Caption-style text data
● ● ●

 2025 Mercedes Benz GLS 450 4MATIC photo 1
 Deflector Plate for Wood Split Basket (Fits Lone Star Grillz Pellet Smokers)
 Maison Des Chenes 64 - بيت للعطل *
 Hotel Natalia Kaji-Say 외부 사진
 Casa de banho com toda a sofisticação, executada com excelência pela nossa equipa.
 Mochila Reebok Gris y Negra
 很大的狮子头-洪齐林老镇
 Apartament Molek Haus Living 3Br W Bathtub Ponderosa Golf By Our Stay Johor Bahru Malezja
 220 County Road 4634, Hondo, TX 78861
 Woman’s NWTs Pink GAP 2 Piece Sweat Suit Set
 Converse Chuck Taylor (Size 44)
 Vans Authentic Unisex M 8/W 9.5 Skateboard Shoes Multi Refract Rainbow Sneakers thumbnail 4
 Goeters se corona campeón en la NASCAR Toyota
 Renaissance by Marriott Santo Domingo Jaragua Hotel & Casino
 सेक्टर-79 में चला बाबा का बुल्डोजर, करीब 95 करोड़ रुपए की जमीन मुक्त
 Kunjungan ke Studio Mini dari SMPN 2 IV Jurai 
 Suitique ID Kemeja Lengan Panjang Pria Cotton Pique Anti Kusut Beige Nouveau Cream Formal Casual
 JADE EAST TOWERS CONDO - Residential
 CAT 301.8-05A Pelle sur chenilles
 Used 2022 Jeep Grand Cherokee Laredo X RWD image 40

● ● ●

Give the data again, unchanged in every line.

 2025 Mercedes Benz GLS 450 4MATIC photo 1
 Deflector Plate for Wood Split Basket (Fits Lone Star Grillz Pellet Smokers)
 Maison Des Chenes 64 - بيت للعطل *
 Hotel Natalia Kaji-Say 외부 사진
 Casa de banho com toda a sofisticação, executada com excelência pela nossa equipa.
 Mochila Reebok Gris y Negra
 很大的狮子头-洪齐林老镇
 Apartament Molek Haus Living 3Br W Bathtub Ponderosa Golf By Our Stay Johor Bahru Malezja
 220 County Road 4634, Hondo, TX 78861
 Woman’s NWTs Pink GAP 2 Piece Sweat Suit Set
 Converse Chuck Taylor (Size 44)
 Vans Authentic Unisex M 8/W 9.5 Skateboard Shoes Multi Refract Rainbow Sneakers thumbnail 4
 Goeters se corona campeón en la NASCAR Toyota
 Renaissance by Marriott Santo Domingo Jaragua Hotel & Casino
 सेक्टर-79 में चला बाबा का बुल्डोजर, करीब 95 करोड़ रुपए की जमीन मुक्त
 Kunjungan ke Studio Mini dari SMPN 2 IV Jurai 
 Suitique ID Kemeja Lengan Panjang Pria Cotton Pique Anti Kusut Beige Nouveau Cream Formal Casual
 JADE EAST TOWERS CONDO - Residential
 CAT 301.8-05A Pelle sur chenilles
 Used 2022 Jeep Grand Cherokee Laredo X RWD image 40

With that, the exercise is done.